Jungsein heißt dazulernen

Der SWR möchte den Dokumentarfilm wiederbeleben. Mit „jungen Dokus“. Heute startet die erste

VON JENNI ZYLKA

Das klingt doch vielversprechend: Der SWR möchte den Dokumentarfilm wiederbeleben. Mit sieben „jungen Dokus“ (Eigenaussage) will er ab sofort den späten Donnerstagabend versorgen. Unterschiedlichste Themen und Formate, aber leider auch unterschiedliche Niveaus hat er dafür zusammengetragen.

„Im Rhythmus der Stille“ ist der erste Film der ambitionierten neuen Staffel und ein Porträt einer jungen Balletttänzerin, die außer schön, grazil und gelenkig auch noch taub ist – nicht gerade die typische Voraussetzung für das Arbeiten mit und nach Musik. Der Film von Joachim Bihrer und Claus Hanischdörfer begleitet Sarah Neef bei den Vorbereitungen für eine Theateraufführung, bei der sie zu Klavier- und Cellobegleitung tanzen wird, zeigt sie bei den Vorbesprechungen mit den Musikern, die ihr die Musik anders als über die üblichen Höreindrücke verständlich machen müssen.

Sarah Neefs Glück waren ihre umtriebigen Eltern, die die Tochter zu einer Sprachlehrerin brachten, bei der sie Sprechen ohne zu Hören lernte – so gut, dass sie ihre Abiturprüfungen in Bildender Kunst und Französisch später mit 15 Punkten abschließen konnte. Neef redet, geht und tanzt mit unerschütterlichem Selbstvertrauen durch ihre weitgehend stille Welt, die sich auch mit Hörgerät von dem Krach, der die Hörenden täglich umspült, unterscheidet.

Ein eigenes Filmsoundkonzept versucht, die ungewöhnlichen Höreindrücke der Sarah Neef einzufangen und den Hörenden zu präsentieren, und das tonale Experiment gelingt meistens. Unterstützt wird es von Neefs offenen Gedanken zu ihrer Situation.

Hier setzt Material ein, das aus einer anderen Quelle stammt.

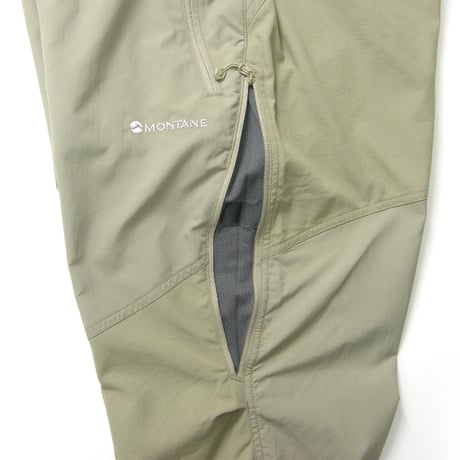 MONTANE × Tactel × CORDURA ／ モンテイン × タクテル × コーデュラ　撥水 耐風 通気 耐久 軽量 薄手 テラパンツ Terra Pants  ｜ 春夏 秋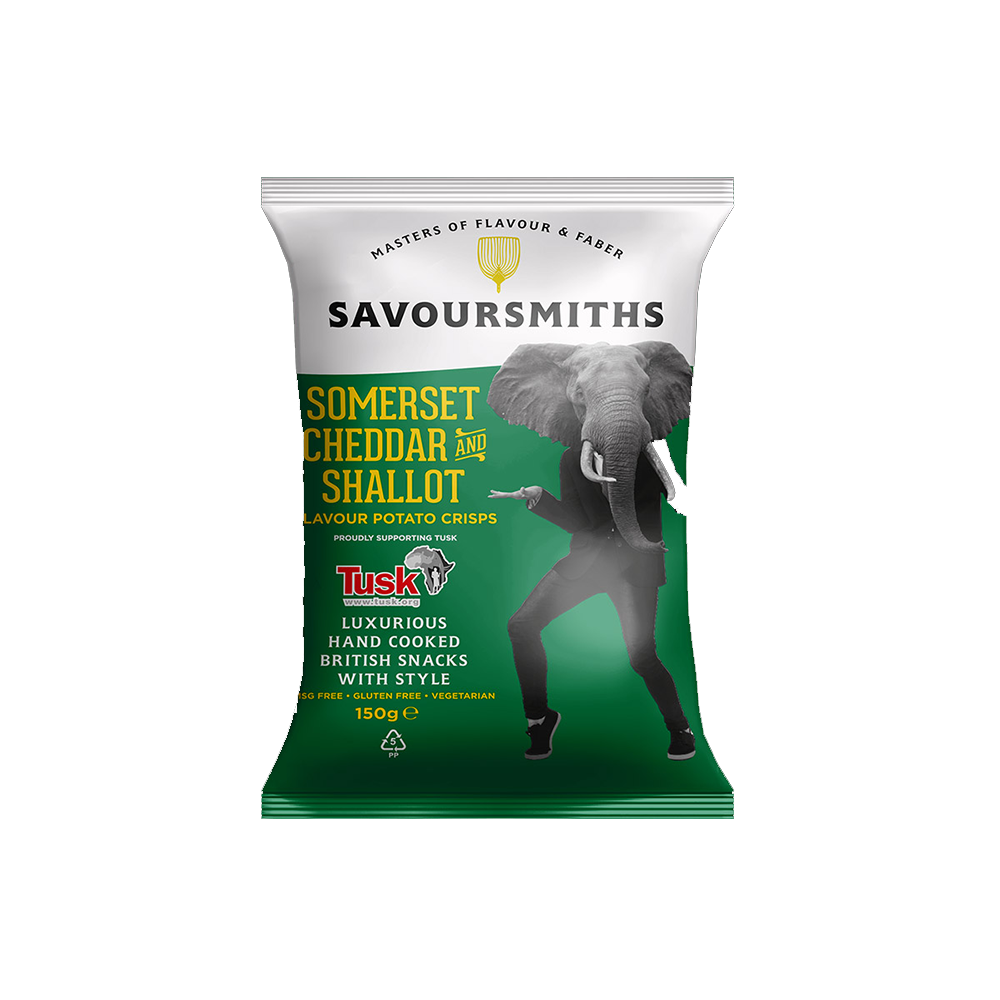 SAVOURSMITHS Somerset Cheddar And Shallot 150g - Longdan Official Online Store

In „Wir sind zusammen“ sprechen vier Hetero-Paare über die Liebe und ihre zeitweise irritierenden Folgen. Die blondierten Teenies aus der Hochhaussiedlung in Berlins dreckigem Vorgarten streiten sich über Table Dance, Verhütung und Treue. Eine süddeutsche Surfermaus holt ihre neue, marokkanische Liebe vom Flughafen ab, um sie zu heiraten und gemeinsam über alle Sprach-, Kultur- und Religionsunterschiede hinwegzusehen. Eine pragmatische Macherin vernachlässigt ihre Familie gegenüber dem Geschäft, und ein berlinerndes Raucherpärchen schlägt sich mit nicht funktionierenden Hormoneinnahmen zum Schwangerwerden und den Schwierigkeiten des Zusammenziehens herum – er will nicht auf seine Cassettensammlung mit alten, aufgenommenen Schallplatten verzichten.

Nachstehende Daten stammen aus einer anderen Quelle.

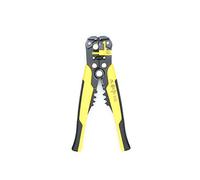 Cortador de pelacables, pelacables de 8 "autoajustable de cable automático de cable de alambre de alambre de cortador de alambre de herramienta de desmontaje de alicates de cable, amarillo negro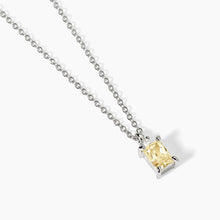 Carica l&#39;immagine nel visualizzatore di Gallery, Collana da donna in argento con zircone Lemon BATTITO Mabina 553650
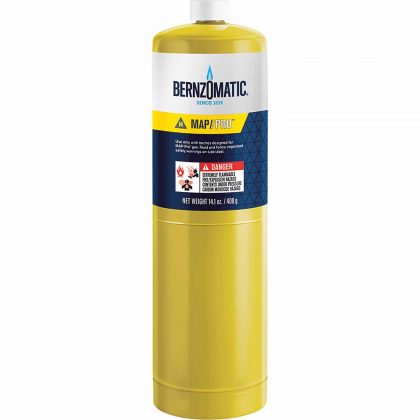 GAS CARTRIDGE TALL  BOY MAPP 399.7G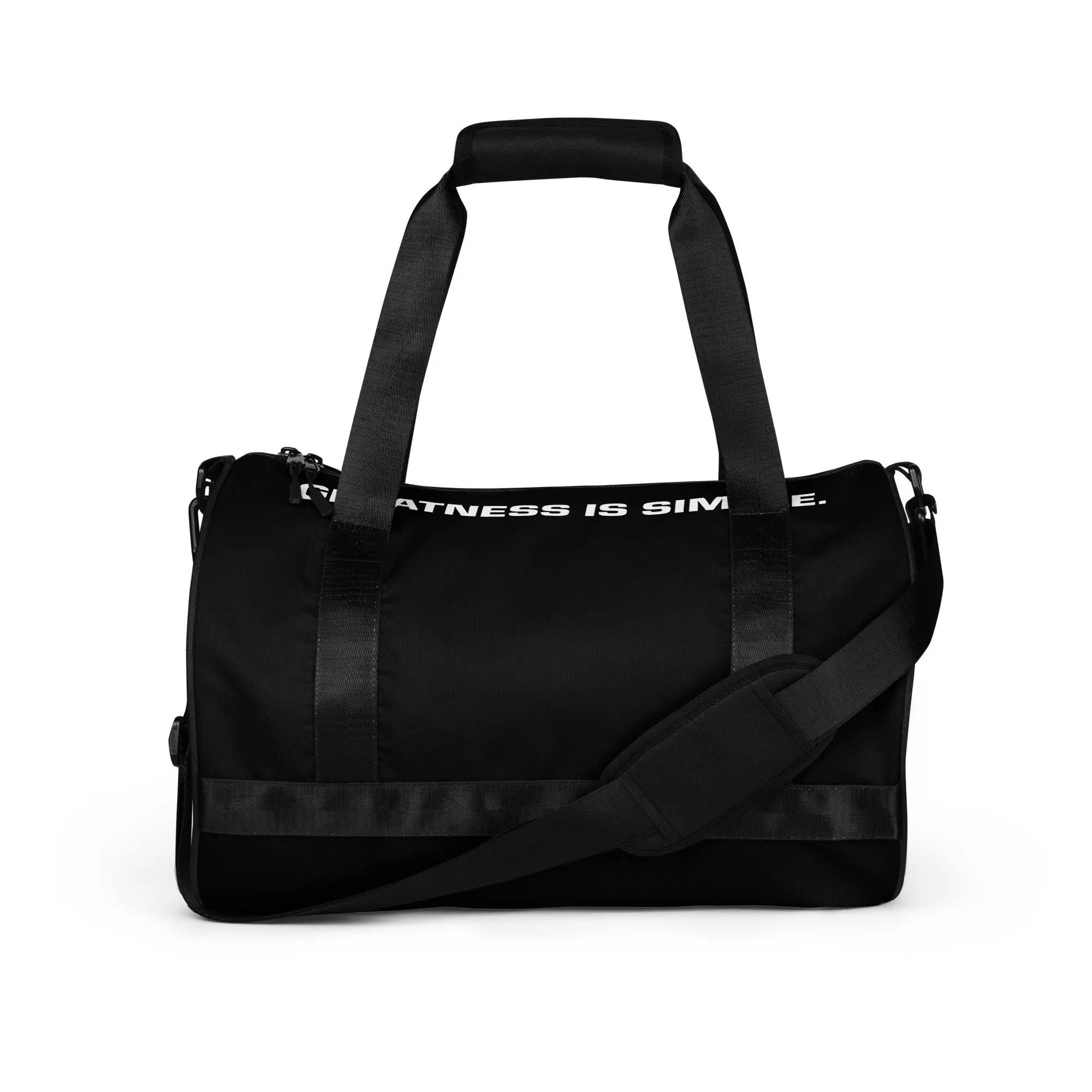 Humble Sportswear™ GIS Black Duffle Bag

Das ist manchmal bekannt, manchmal skurril, manchmal bemitleidenswert, manchmal respektlos. Leider verschwimmt der Film schnell auf der formalen Ebene – die Bilder sind größtenteils zu dunkel und dadurch zu unklar, um zu wirken. Entweder war beim kompletten Dreh die Kamera kaputt, oder die schwummerige Nachtatmosphäre ist schiefes Programm.

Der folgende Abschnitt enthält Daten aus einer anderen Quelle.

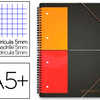 CAHIER OXFORD MEETINGBOOK RELI URE INTAGRALE B5 17,6X25CM 160 PAGES 80G QUADRILLAGE 5MM CAHIER OXFORD MEETINGBOOK RELI URE INTAGRALE B5 17,6X25CM 160 PAGES 80G QUADRILLAGE 5MM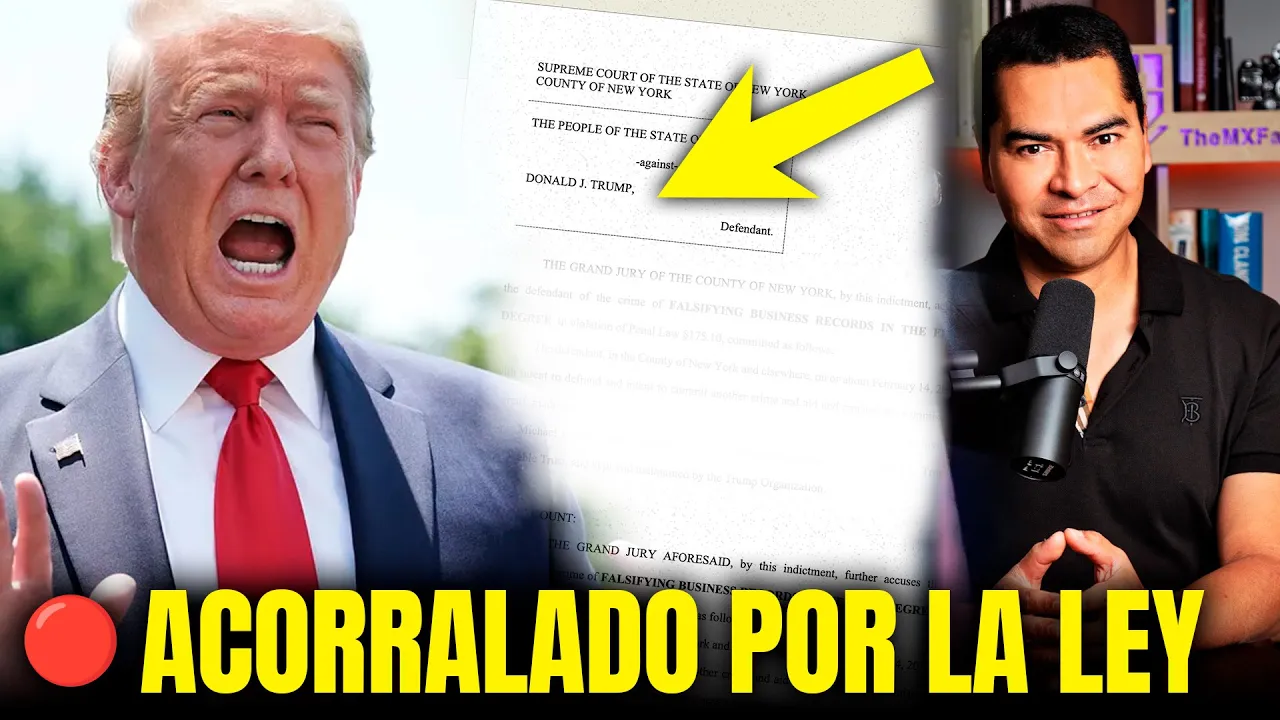 TRUMP EN PROBLEMAS LEGALES POR DESACATO… ¡LA JUSTICIA FINALMENTE ACTÚA! 🔴 Programa Completo DIC 16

Die meisten der „jungen Dokumentarfilme“ kommen ohne Off-Kommentar aus, sie lassen ihre HeldInnen sprechen. Bestimmt ist das ein Fortschritt gegenüber dem so langweiligen wie altbewährten Konzept des Zugetextet-Werdens ab der 15. Sekunde. Zwar überzeugen die Handschriften nicht immer, doch könnte Jungsein in diesem Fall vielleicht auch bedeuten, dass die MacherInnen bereit sind, noch etwas dazuzulernen.